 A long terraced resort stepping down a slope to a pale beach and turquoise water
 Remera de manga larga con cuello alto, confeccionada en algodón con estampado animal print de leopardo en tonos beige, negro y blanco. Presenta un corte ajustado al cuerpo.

──────────────────────────────

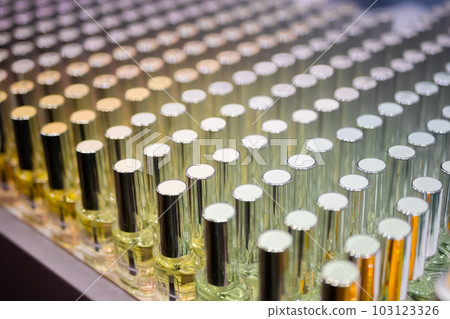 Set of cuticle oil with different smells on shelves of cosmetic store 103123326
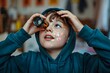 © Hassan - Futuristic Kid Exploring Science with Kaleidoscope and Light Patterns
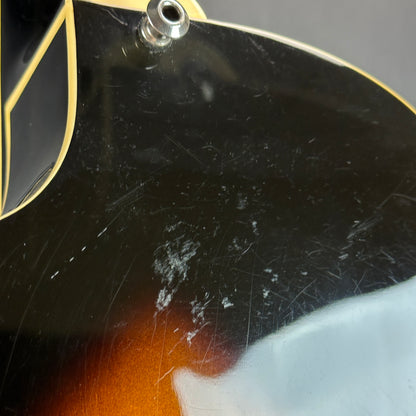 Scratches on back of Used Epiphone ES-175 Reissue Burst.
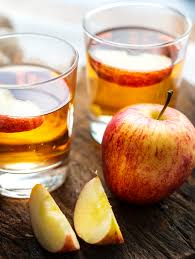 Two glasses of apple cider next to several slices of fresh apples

──────────────────────────────

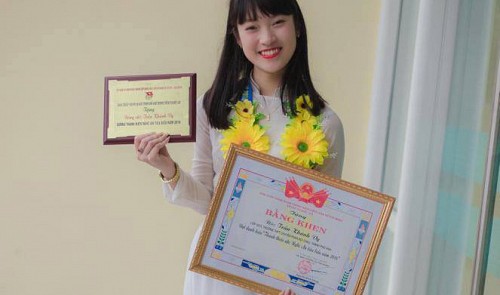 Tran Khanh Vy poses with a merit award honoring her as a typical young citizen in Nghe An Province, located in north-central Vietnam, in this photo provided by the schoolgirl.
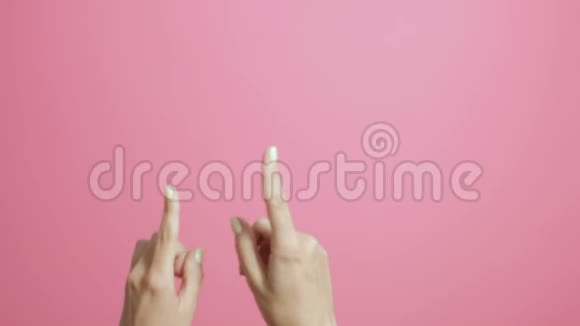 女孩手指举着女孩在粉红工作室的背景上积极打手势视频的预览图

──────────────────────────────

- [EXERCISE OBJECTIVE] Take the material above from the line bearing "Tran Khanh Vy" through the line bearing "女孩手指举着女孩在粉红工作室的背景上积极打手势视频的预览图" and write it out exactly, both end lines included. Pictures stay out.

- [REPLY TO THE TASK]
 Tran Khanh Vy poses with a merit award honoring her as a typical young citizen in Nghe An Province, located in north-central Vietnam, in this photo provided by the schoolgirl.
 女孩手指举着女孩在粉红工作室的背景上积极打手势视频的预览图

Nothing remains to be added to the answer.